The argument is no, the judge cannot pick and choose which count to impose the gun minimum on. The reason why is as follows:
In the above-hypothetical, there can be no dispute that robbery is the "primary offense." 213-003-0001(17) (“’Primary offense’ means the offense of conviction with the highest crime seriousness ranking. If more than one offense of conviction is classified in the same crime category, the sentencing judge shall designate which offense is the primary offense.”)
As the name suggests, the primary offense is to be sentenced first. In fact, the entire sentencing guidelines is premised on the idea of the primary offense being sentenced first. When imposing sentencing on the charge of robbery in the first degree with a firearm, the court must either impose the firearm minimum under ORS 161.610(4) or suspend the sentence under ORS 161.610(5)(a):
- If it is the first time that the defendant is subject to punishment under this section, rather than impose the sentence otherwise required by subsection (4)(a) of this section, the court may:
- (a) For felonies committed prior to November 1, 1989, suspend the execution of the sentence or impose a lesser term of imprisonment, when the court expressly finds mitigating circumstances justifying such lesser sentence and sets forth those circumstances in its statement on sentencing. . . .

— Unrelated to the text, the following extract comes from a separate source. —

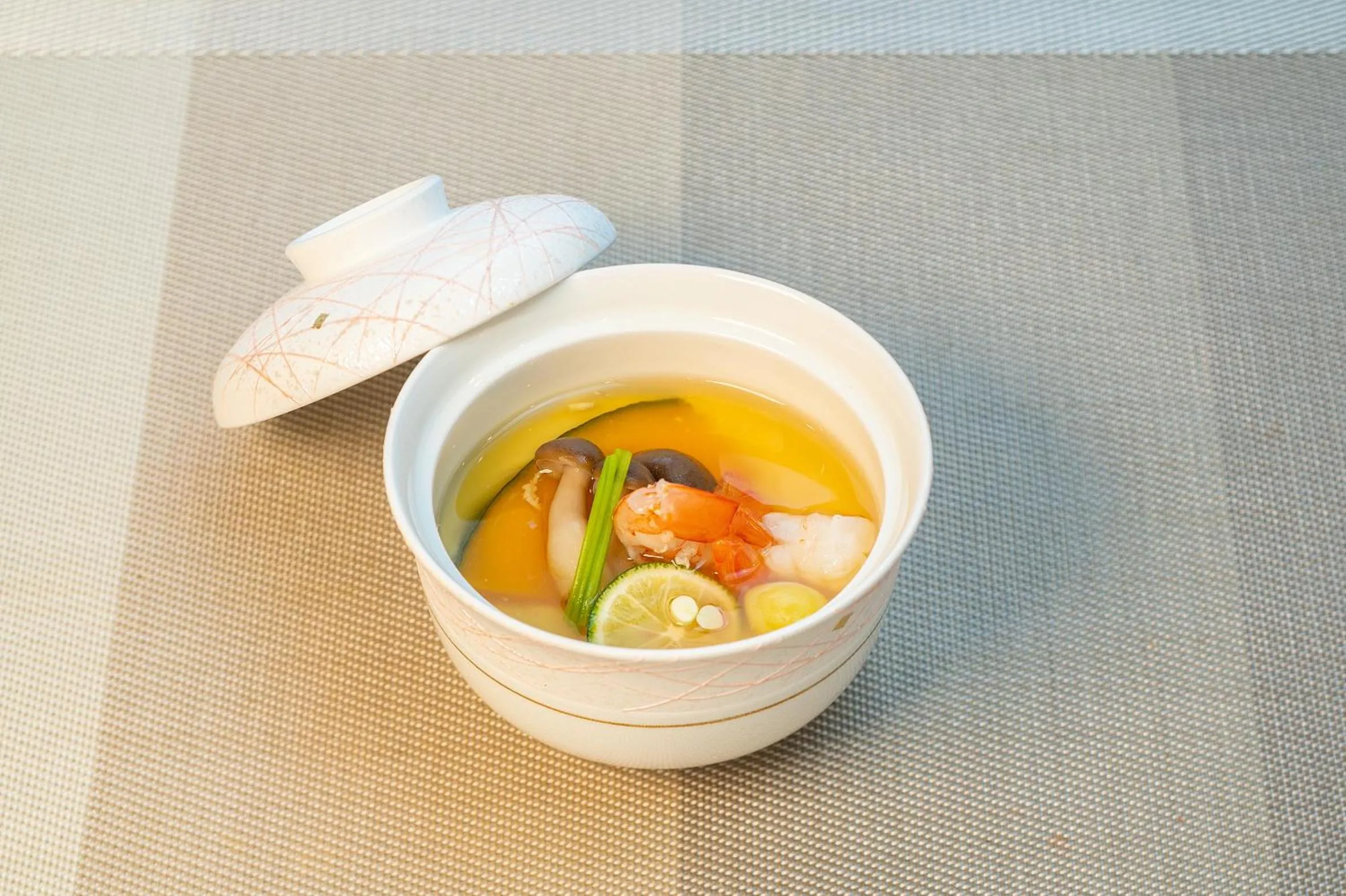 Dinner in Ishinoya Izunagaoka - TKP Hotels & Resorts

If the court did so, the suspension of the firearm minimum sentence still leaves a legal footprint. Specifically, ORS 161.610(4)(b) imposes a 10 year minimum on a subsequent firearm conviction. A court’s decision to suspend the 60-month sentence is still an application of the statute, because it still has legal effect under 161.610(4)(b):
- (4) The minimum terms of imprisonment for felonies having as an element the defendant’s use or threatened use of a firearm in the commission of the crime shall be as follows:
- * *
- (b) Upon conviction for such felony committed after punishment pursuant to paragraph (a) of this subsection or subsection (5) of this section, 10 years, except that if the firearm is a machine gun, short-barreled rifle, short-barreled shotgun or is equipped with a firearms silencer, the term of imprisonment shall be 20 years.
The state will ask to defer the gun minimum from the primary count to count 2, so that the 60-month sentence is imposed on felon in possession and then run consecutively to the robbery charge. This would not be a lawful sentence.
First, of all, there is no authority for the State’s position that a sentencing court can “defer” the gun minimum on the primary count and then impose it on a subsequent count. On a first conviction for a gun minimum charge, the court can either impose the gun minimum or impose a lesser-sentence after finding mitigating factors. It does not say it can be deferred.
Furthermore, as demonstrated by the citations above, even if this court were not to impose the 60 month firearm minimum on the robbery charge, the gun minimum statute – ORS 161.640 – continues to have operational effect, since it would result in a mandatory ten-year minimum on the second gun minimum conviction. It still leaves a legal footprint. Since that footprint remains, the subsequent imposition of a gun minimum sentence on count 2 would violate the prohibition against multiple gun minimum sentences per case.
State v. Pouncey, 303 Or App 365 (2020), is not to the contrary. Defendant in that case made an argument that the case law from the Court of Appeals stated that the firearm minimum had to be imposed on the count sentenced first. That was inaccurate. Case law had not previously addressed this issue at all. Because the defendant misstated the court’s case law, the Pouncey court – somewhat curtly – dismissed the argument without addressing the merits. (“We also reject defendant's assignment of error on the firearm-minimum-sentence issue, because his argument misstates our case law regarding ORS 161.610(4).” [Bold added.])
In other words, it is still an open question as far as the appellate courts are concerned because the court has never been squarely presented with the issue. Nevertheless, the administrative rules, statutes, case law and analysis presented above are not reasonably in dispute.